CAIRO (Reuters) - Saudi Arabia’s Crown Prince Mohammed bin Salman met Coptic Pope Tawadros II at Cairo’s largest Coptic cathedral on Monday in what state media said was an unprecedented visit by an official from the conservative Muslim kingdom.
The visit was part of a three-day stay in Egypt for Prince Mohammed, his first public trip abroad since he became heir apparent last year. He will head for Britain and the United States later this month.
Cairo and Riyadh have strengthened ties in recent years and Egypt has received billions of dollars in aid from its rich Gulf Arab ally. The two countries on Sunday set up a $10 billion joint fund to develop a planned mega-city.
Prince Mohammed and Pope Tawadros walked together through St Mark’s Cathedral late on Monday, footage on Saudi TV channel al-Arabiya showed. Egypt’s state news agency MENA said it was the first visit of its kind, without elaborating.
The Gulf Arab kingdom is trying to shed its reputation as a global exporter of an ultra-conservative brand of Islam which critics say has inspired Islamist militants worldwide. Promoting a more moderate form of Islam is one of the more ambitious promises made by Prince Mohammed under plans to transform Saudi and reduce its reliance on oil.
Egypt has suffered from Islamist extremist violence in recent years, including attacks on churches often claimed by the ultra-violent Islamic State group. A bombing next to St Mark’s cathedral killed at least 25 people in December 2016.
Prince Mohammed’s visit comes as his close ally President Abdel Fattah al-Sisi prepares to run in an election he is virtually guaranteed to win.

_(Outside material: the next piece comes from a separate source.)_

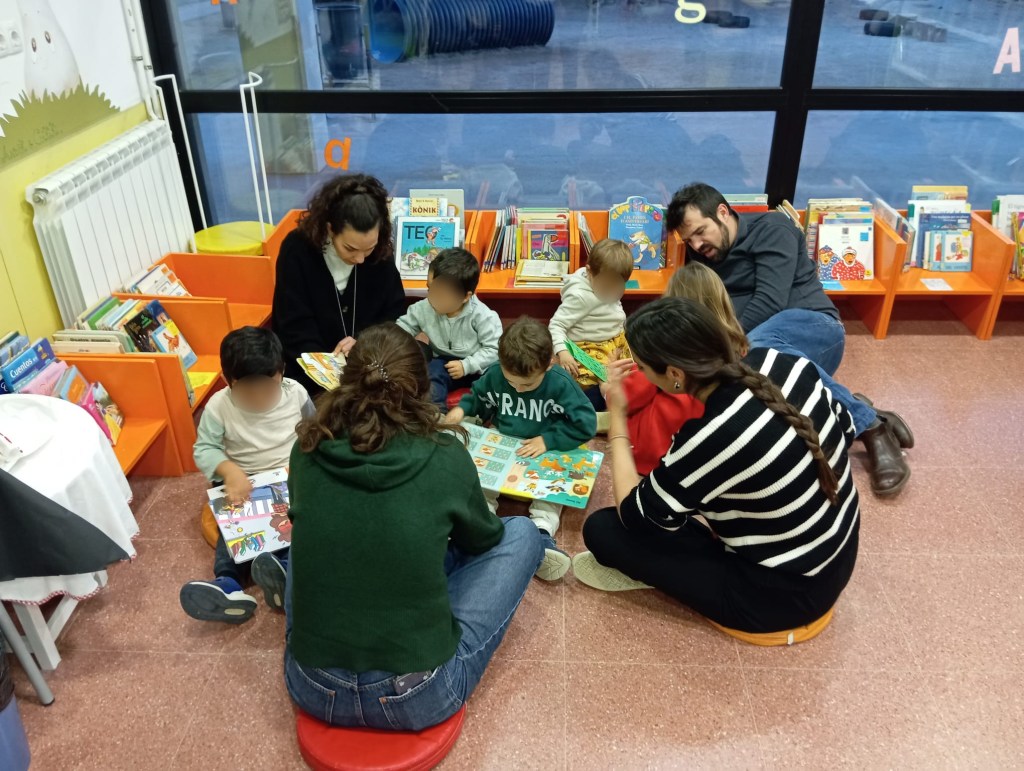 Èxit del taller de targetes de Nadal a la&nbsp;biblioteca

Alongside posters urging people to vote for Sisi, large banners were put up in central Cairo on Monday with images of the Egyptian president, Prince Mohammed and Saudi King Salman bin Abdulaziz. “Welcome to your second country,” said one; another read “Saudi and Egypt are one hand, one nation.”
Egypt has sided with Saudi Arabia on a number of foreign policy issues, including a diplomatic and trade boycott of tiny gas-rich Qatar, and the support of forces battling Iranian-backed Houthi militants in Yemen.